Quando mio padre ci portava in montagna, arrivati sulle vette, si apriva davanti a noi un orizzonte lontanissimo, dove io immaginavo di vedere il mare: il mare è il sogno da raggiungere con sacrificio. E credo che ciascuno abbia un sogno che coltiva, magari inconsciamente: è ciò che lo spinge a salire, anche quando la difficoltà sembra insormontabile.
Lei diceva che i miei capi raccontano, ma anche le persone hanno qualcosa da raccontare e la Baracca sul Mare è nata per ascoltare, un po’ come facevo da bambina, le storie di chi viene a trovarmi, perché il vero commercio è questo, è quello scambio per cui ciascuno dà qualcosa che non si esaurisce con il prodotto venduto: più che vendere e acquistare, a me piace dire che nel commercio si tratta di spostare un oggetto da una persona all’altra, da un luogo all’altro, ciò che conta è vedere la persona sorridere e raccontarmi la sua storia, così come un capo racconta la propria e io racconto la mia. La base delle mie creazioni sta qui, nella curiosità che mi ha accompagnato fin da bambina, quando mia madre portava me e mia sorella alla scoperta dei luoghi più lontani e impensati. Dell’India, per esempio, ricordo quella volta in cui siamo state invitate a una festa e abbiamo visto persone nude che vivevano sugli alberi.
Sarebbe interessante narrare le sue avventure e in che modo le impressioni dei viaggi entrano nelle sue invenzioni...
Mia madre ci portava spesso nelle grandi metropoli, dove incontravamo di tutto: dalla miseria più nera agli ambienti artistici più raffinati, sempre comunque in mezzo alle persone. È stato un regalo non indifferente.
Oltre alle avventure di viaggio, lei poi ha intrapreso quella imprenditoriale...

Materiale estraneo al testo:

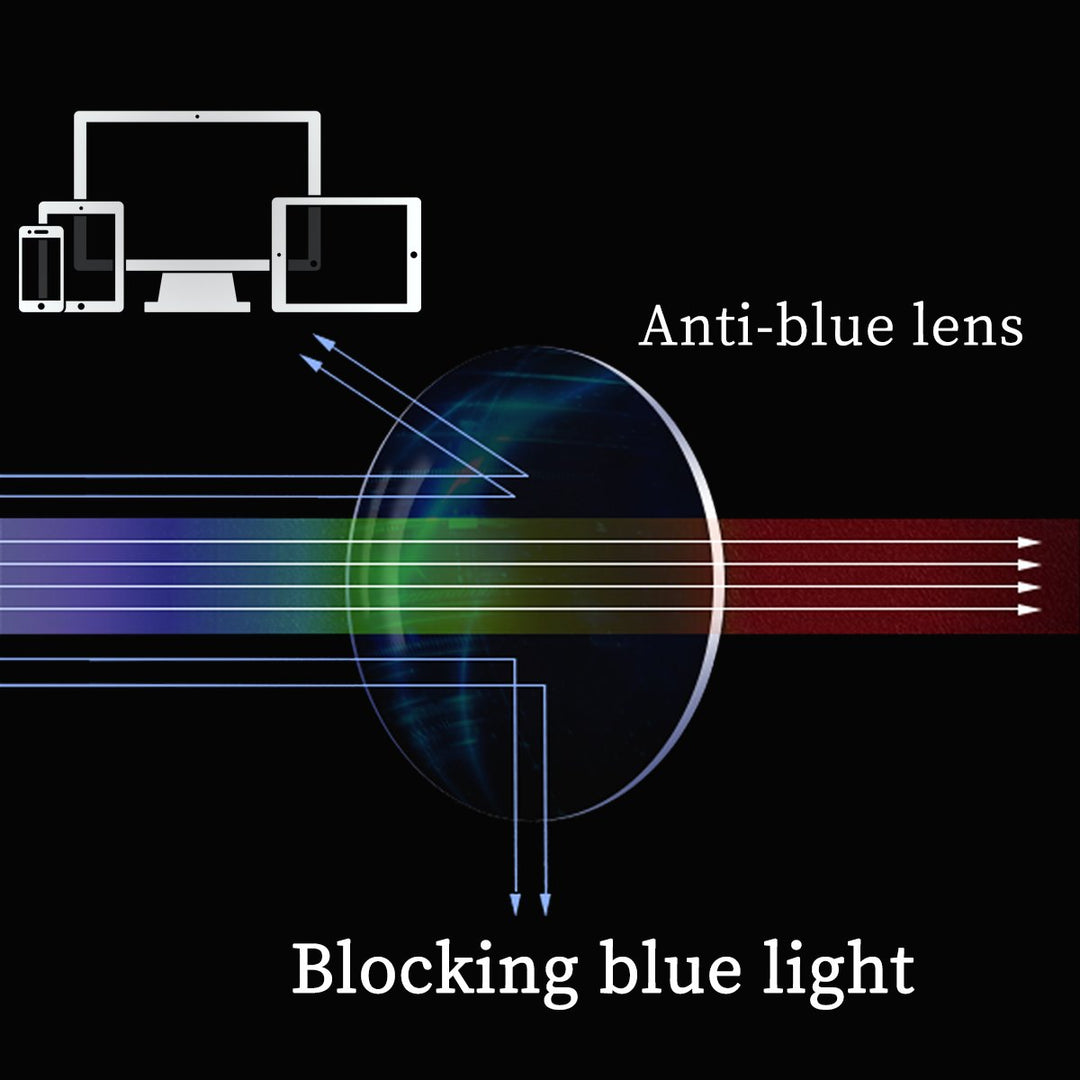 Blue Light Blocking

Non fu facile per me lasciare il nido, tanto più se pensavo a quanto mi avevano dato i miei genitori: la valigia bianca che si vede all’entrata della Baracca, nello spazio che ho chiamato “la deriva”, rappresenta bene quel momento. Ma credo che sia stato utile allora, come lo è tuttora, l’incontro fra il rigore teutonico (insito nella cultura di mia madre, tedesca), da una parte, e il gusto per l’arte e l’invenzione (che veniva da mio padre, italiano), dall’altra. La mia avventura attuale però è anche frutto di una condivisione con mio marito, Giuliano Cavaletti, che da trent’anni mi sostiene in ciascuna fase dello sviluppo, e con i miei collaboratori, che interpello sempre prima di prendere decisioni importanti, perché sono loro poi a lavorare costantemente per dare operatività e concretezza ai progetti. E devo dire che posso constatare in ciascun collaboratore quelle doti fantastiche che distinguono gli italiani, come la capacità di ingegnarsi per trovare sempre nuove soluzioni e invenzioni.

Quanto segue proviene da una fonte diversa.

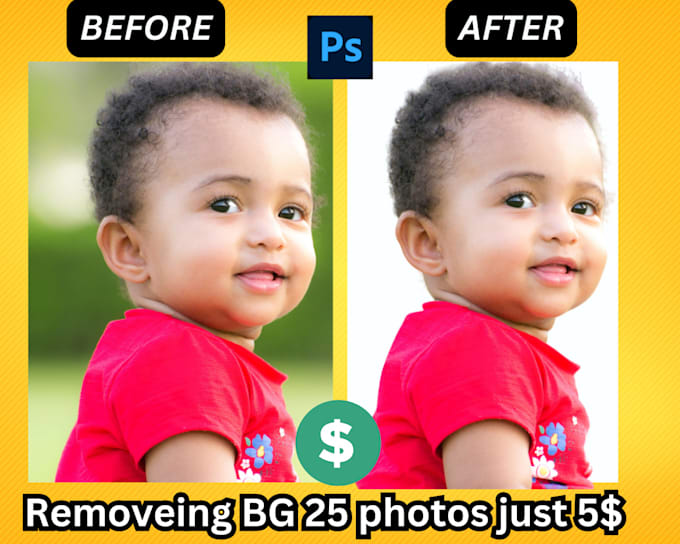 Bestseller - resize bulk images retouch and background removal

Come si può capire dalle mie parole, amo l’Italia, perché è un concentrato di meraviglie: le persone, il cibo, l’arte, il paesaggio, la letteratura, la musica e tante eccellenze. Tutte cose però che spesso gli italiani non valorizzano abbastanza o di cui si accorgono solo quando vanno all’estero, mentre in patria rischiano di limitare la propria percezione ai mille problemi e alle mille difficoltà, non ultima la burocrazia, che grava sulle imprese e sui cittadini, fino al punto da fare dimenticare loro il patrimonio che hanno in mano e che potrebbe essere la principale fonte della loro ricchezza. Questo è un messaggio forte che vorrei dare a tante persone e a tante aziende.